By Patricia Sullivan
The Washington Post
WASHINGTON — In the past 15 years, military women have led air wings, commanded a carrier strike group and piloted attack helicopters and fighters — all jobs they couldn't get in earlier years.
About 14.6 percent of active-duty military personnel are women. It's a racially diverse force, and many current service members have never lived in a world where women were not recruited, promoted or deployed just as easily as men.
The Women in Military Service for America Memorial marked its 15th anniversary Saturday, and those who birthed and nurtured it looked with pride on the progress of their descendants and expressed satisfaction with the recognition that the memorial has brought.
"Having this memorial has made a tremendous difference in the lives of veterans and service members," said retired Air Force Brig. Gen. Wilma L. Vaught, who has been the memorial's driving force for 28 years. "It means there's a place in the nation's capital that paid tribute to their service. . . . It's more than a memorial. It is an opportunity to tell the story of servicewomen individually and collectively."
It took 13 years of planning and construction, but "I always felt it was the right time, and if we didn't get it done then, it wouldn't get done," Vaught said in an interview.

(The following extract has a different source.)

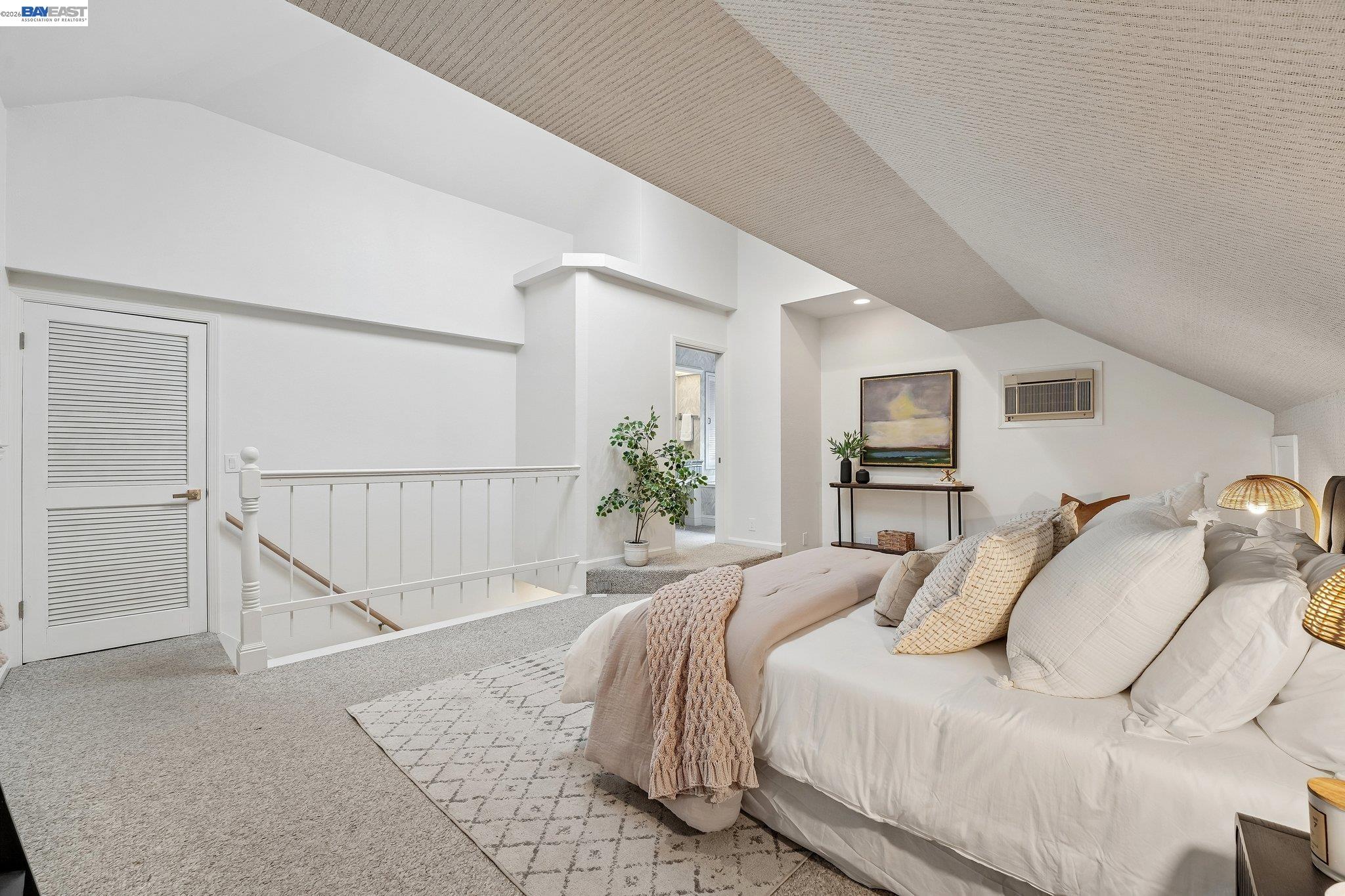 11 Tennis Club Drive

The $21.5 million memorial, part of the main gateway to Arlington National Cemetery, draws about 150,000 visitors a year. The most difficult part was fundraising, and the $3 million for annual operating costs is still a struggle to raise, Vaught said.
But a sunny Saturday afternoon was not the time to talk money, with the folding chairs full of retired officers and the U.S. Army Old Guard Fife and Drum Corps playing patriotic tunes. The day was about stories of overcoming barriers and the rewards of military life.

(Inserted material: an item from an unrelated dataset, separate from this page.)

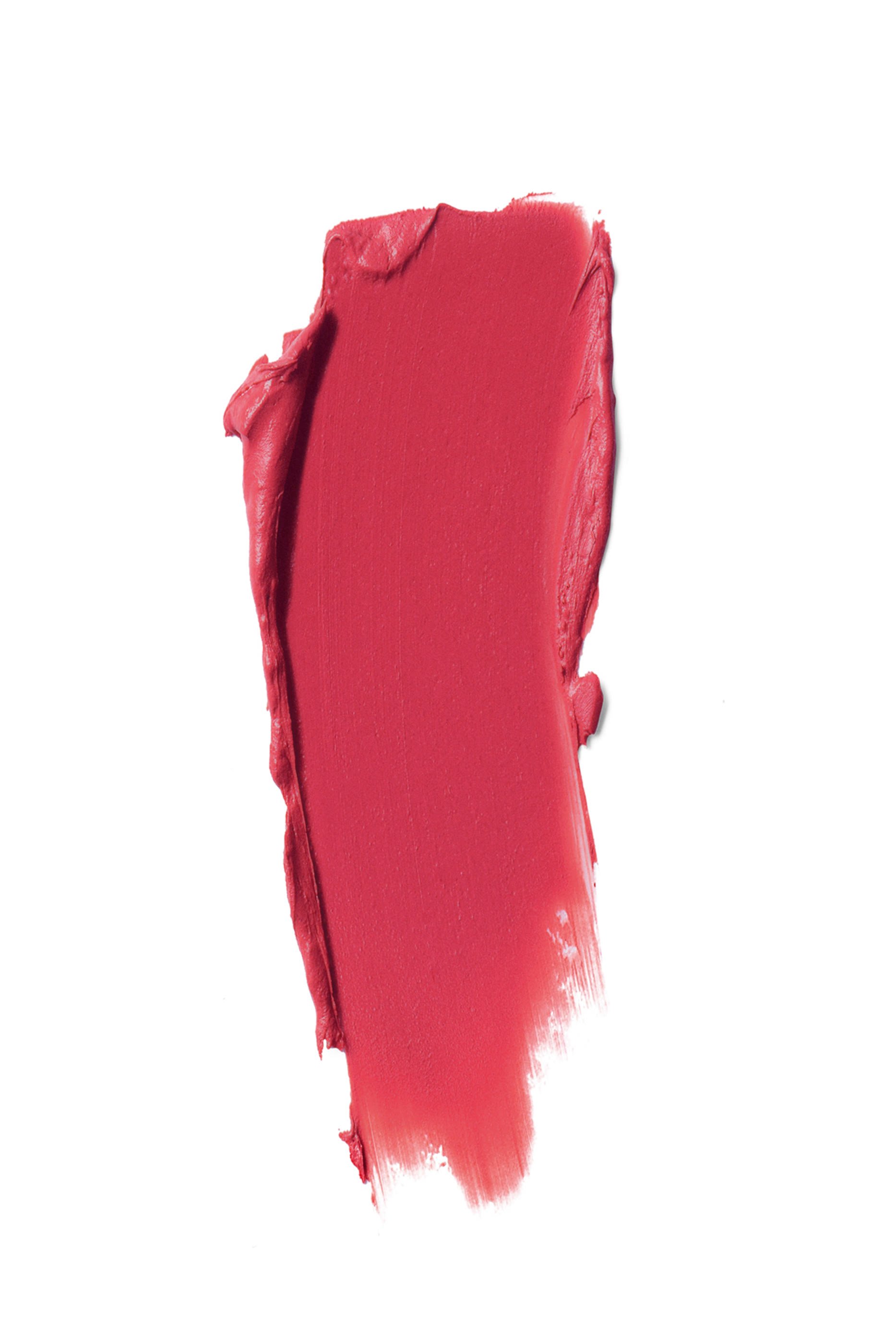 Rouge &agrave; L&egrave;vres Mat Lipstick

"I think of all the years we served and all the roles we played," said retired Army Lt. Col. Julie Jefferson, who called the dedication ceremony 15 years ago "probably the greatest day of my life" aside from her wedding day and the days her children were born.

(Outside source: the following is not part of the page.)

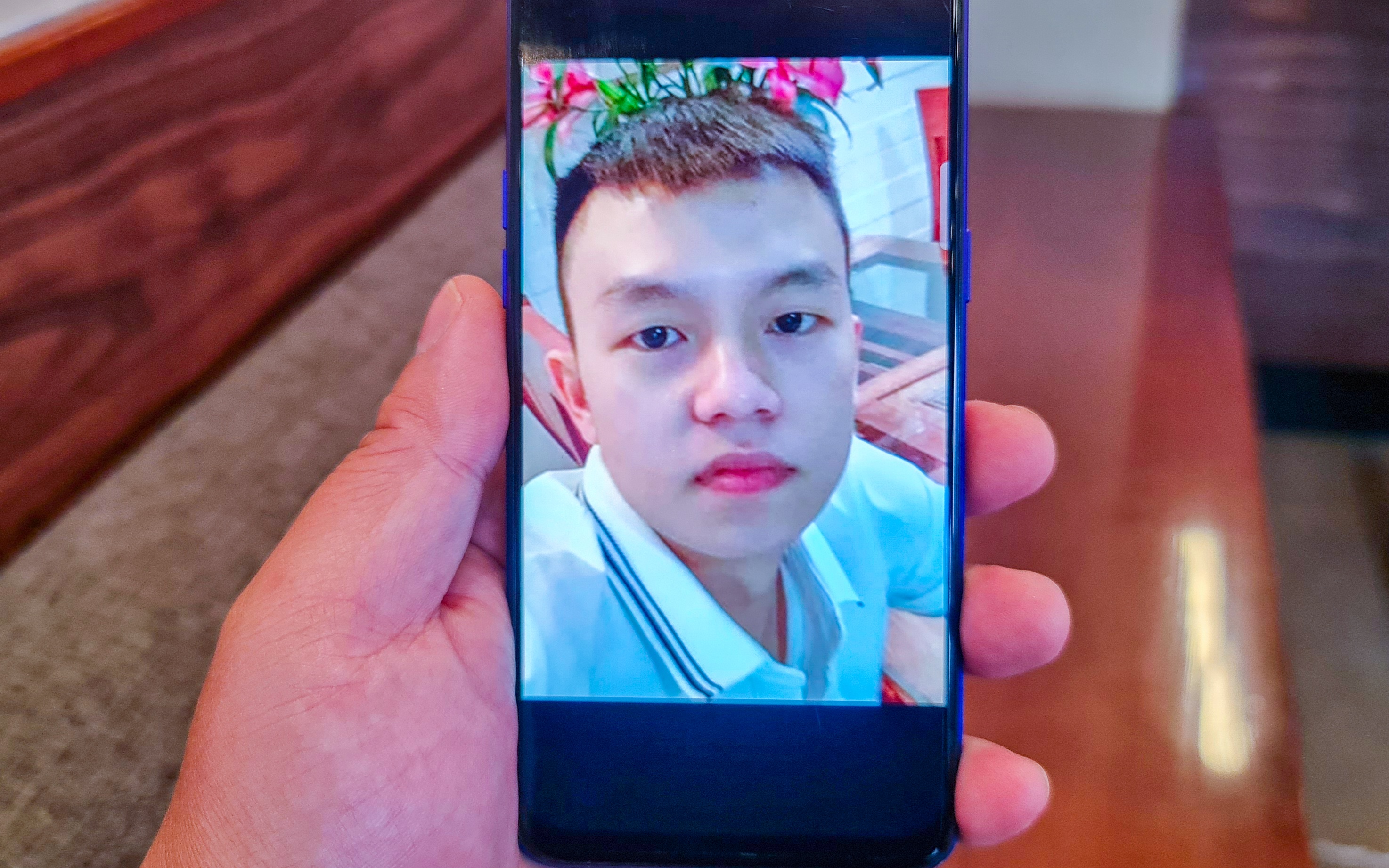 Chiếm đoạt tài khoản ngân hàng ảnh 1 Chiem doat tai khoan ngan hang anh 1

"There was not always the same recognition that women played in the military," Jefferson said.
Louise Whalon, who joined the Army Nurse Corps within days of the bombing of Pearl Harbor and retired after 25 years, said she felt that "it was my duty to go because I thought maybe all the Army nurses were old and they needed some young women to help. That's the story I told my mother and dad."
Air Force Col. Deanna Violette said she knew at age 10 that she wanted to be a military pilot, and she became one. When she and her husband decided to start a family, she broke another barrier: "Showing up pregnant at the door of an Army brigade commander and telling him I was his new Air Force liaison was challenging for both of us," she said.
"[The memorial] recognizes the service of women who have served everywhere, in war and peace," including in drug interdictions and refugee rescue operations, said Jessica L. Wright, assistant defense secretary for Reserve Affairs and an Army National Guard veteran. "Women have served every time our nation has called."